The appeal reduced chances that the referendum measure would succeed, news likely to be greeted with relief in Beijing and Washington. China and the United States have denounced the referendum as a needlessly provocative maneuver, designed by President Chen Shui-bian and his Democratic Progressive Party to emphasize the self-ruled island's claim to formal independence from China.

As A-gu has noted, it is simply a regurgitation of the KMT position. It never uses the term "KMT" referring instead to the "Nationalists," and contains no citations from the DPP or pro-democracy side. Every word in it is from someone who represents the KMT.

The interesting items in this short piece are two. She writes:

Philip Yang, a political scientist at National Taiwan University, said the Nationalist Party's boycott call means Chen's referendum measure faces an uphill battle. More than half of registered voters must support a referendum measure for it to pass, he noted, and polls show that Nationalist supporters outnumber Chen's.

Rickards must surely know that Yang is an advisor to the Ma campaign -- identified as such in the otherwise awful piece from Ed Wong in the NYTimes I blogged on yesterday -- and cannot be cited as an independent source.

She then writes of the KMT referendum:

Wu said the Nationalist Party would continue to support the holding of a separate referendum on U.N. membership. That measure, also on the March 22 ballot, will ask whether Taiwan should seek admission to the United Nations under its official name, the Republic of China, or any other name deemed suitable.

.........

The Nationalists' proposal is equally unlikely to pass, but it is considered less inflammatory since it sticks with the island's official name and thus is not considered an indirect attempt to move toward independence.

Rickards must know that the KMT referendum asks whether to enter the UN under the name Republic of China, Taiwan, or any other name deemed suitable (complete text of both in Alan Romberg's study of the UN Referendum issue). Yet twice she mentions the referendum without mentioning that fact.

Off to write yet another letter....

5 comments:

Anonymous said...

Sigh... just as Taiwan is in a politically difficult situation... crap from a top newspaper, probably the most influential in the world. Damn you Edward Wong.

Anonymous said...

Last year I followed some courses at the dept. of political science at NTU (i was actually enrolled at NTU's college of management at the time) which were taught by prof. Philip Yang. When it came to discussions of Taiwan's domestic political situation, he always appeared to be neutral. At least at that time I never detected any kind of partisanship. But perhaps I am just not enough in the know of Taiwan's politics to get a proper sense of it..

Michael Turton said...

Yang may or may not be nuetral. But the point is he is, according to Wong and based on my experience, pro-KMT. More importantly, if he is advising the Ma campaign, he can't be presented in the paper as a nuetral voice. Wong followed correct ethics in pointing that out.

Michael

Anonymous said...

It never uses the term "KMT" referring instead to the "Nationalists,"

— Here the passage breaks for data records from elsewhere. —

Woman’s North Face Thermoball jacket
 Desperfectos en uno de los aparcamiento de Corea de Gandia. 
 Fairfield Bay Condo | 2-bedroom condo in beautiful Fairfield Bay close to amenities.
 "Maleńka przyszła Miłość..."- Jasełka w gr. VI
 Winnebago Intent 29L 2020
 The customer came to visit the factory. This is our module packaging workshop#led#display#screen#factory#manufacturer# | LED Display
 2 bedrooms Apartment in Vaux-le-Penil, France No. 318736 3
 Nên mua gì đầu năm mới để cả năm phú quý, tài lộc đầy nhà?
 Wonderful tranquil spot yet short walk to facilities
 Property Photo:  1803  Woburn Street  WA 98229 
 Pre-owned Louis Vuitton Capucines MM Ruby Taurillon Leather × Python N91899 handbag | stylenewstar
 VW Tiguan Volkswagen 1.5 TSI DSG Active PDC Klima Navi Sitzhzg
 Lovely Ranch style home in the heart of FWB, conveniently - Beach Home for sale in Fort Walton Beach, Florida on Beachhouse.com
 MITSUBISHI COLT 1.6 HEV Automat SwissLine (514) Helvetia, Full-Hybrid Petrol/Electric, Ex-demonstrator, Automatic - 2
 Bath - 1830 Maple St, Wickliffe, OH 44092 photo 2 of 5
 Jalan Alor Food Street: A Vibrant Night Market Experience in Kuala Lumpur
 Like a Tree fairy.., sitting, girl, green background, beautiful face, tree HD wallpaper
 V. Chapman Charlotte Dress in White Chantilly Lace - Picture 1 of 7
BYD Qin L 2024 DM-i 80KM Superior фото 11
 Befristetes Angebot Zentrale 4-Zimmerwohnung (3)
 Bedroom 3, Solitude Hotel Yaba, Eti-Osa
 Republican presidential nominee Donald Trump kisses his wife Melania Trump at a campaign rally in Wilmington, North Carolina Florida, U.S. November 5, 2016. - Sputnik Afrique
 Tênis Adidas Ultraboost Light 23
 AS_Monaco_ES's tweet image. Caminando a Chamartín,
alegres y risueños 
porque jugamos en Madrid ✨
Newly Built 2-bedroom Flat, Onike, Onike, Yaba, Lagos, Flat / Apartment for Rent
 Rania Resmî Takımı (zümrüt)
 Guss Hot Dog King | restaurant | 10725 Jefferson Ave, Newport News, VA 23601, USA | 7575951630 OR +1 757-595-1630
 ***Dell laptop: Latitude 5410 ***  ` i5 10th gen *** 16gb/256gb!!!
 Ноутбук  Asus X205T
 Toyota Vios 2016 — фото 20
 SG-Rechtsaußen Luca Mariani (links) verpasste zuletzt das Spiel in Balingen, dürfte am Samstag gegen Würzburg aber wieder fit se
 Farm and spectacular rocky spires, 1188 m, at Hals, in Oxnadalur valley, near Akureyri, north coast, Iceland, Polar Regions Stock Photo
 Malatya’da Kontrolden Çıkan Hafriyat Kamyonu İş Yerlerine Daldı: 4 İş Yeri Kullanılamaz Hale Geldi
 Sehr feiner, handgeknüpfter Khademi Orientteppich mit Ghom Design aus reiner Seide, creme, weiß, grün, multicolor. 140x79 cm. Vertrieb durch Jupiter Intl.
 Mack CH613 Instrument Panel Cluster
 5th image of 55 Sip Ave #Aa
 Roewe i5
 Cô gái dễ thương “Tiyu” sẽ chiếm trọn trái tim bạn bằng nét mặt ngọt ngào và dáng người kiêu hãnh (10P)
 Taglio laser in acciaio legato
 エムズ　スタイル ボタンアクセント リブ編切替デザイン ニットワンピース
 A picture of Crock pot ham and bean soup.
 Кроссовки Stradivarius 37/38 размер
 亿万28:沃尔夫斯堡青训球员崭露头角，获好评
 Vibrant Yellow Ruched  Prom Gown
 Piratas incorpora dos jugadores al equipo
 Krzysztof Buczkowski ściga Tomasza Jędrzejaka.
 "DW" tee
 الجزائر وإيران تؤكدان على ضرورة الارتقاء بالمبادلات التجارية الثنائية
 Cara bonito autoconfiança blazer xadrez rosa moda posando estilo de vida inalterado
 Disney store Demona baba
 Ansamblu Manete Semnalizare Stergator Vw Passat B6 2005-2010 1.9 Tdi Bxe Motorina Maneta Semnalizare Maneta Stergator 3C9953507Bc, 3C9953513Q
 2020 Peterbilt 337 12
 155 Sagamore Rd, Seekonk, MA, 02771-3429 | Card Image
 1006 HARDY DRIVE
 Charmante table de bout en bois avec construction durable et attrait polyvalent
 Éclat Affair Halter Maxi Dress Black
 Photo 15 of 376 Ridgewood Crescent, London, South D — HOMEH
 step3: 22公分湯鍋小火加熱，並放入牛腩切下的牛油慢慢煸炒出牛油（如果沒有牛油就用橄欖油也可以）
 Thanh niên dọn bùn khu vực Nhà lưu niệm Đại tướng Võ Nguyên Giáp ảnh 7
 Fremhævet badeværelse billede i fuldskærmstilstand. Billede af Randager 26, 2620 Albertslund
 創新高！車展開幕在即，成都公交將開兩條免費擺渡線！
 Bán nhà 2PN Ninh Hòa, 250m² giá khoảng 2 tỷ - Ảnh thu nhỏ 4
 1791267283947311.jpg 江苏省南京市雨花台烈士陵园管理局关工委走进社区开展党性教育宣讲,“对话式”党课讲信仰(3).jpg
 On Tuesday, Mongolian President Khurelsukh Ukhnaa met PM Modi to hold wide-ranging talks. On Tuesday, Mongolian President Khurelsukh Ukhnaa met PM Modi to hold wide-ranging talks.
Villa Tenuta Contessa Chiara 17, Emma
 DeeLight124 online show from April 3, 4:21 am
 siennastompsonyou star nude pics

much ado about nothing. In fact, she refers to them as the 'Nationalist Party', which is standard convention in English for the KMT. Why not use KMT? Because most of her readers will not know that it stands for 'Kuomintang', and they won't know what that means. 'Kuomintang' literally translated is indeed 'Nationalist Party', so she is on firm ground. 'DPP' is the English abbreviation for Minzhujinbudang. But if we followed your idea to its logical conclusion, we shouldn't use DPP either, but MZJBD.

the DPP or pro-democracy side

what loaded rubbish! And a Freudian slip on your part that reveals your inherent bias. As if the KMT is not a participant in a democratic system. Let the record reflect that the KMT has actually stepped down when it lost an election. The DPP has yet to prove it will do so. We'll see in nine days. Until then, you should revise this post to note that the KMT is actually the pro-democracy party-they've already proved it.

Anonymous said...

true blue said,

'the KMT is actually the pro-democracy party-they've already proved it'

really?

by boycotting democratic referendums, including their own?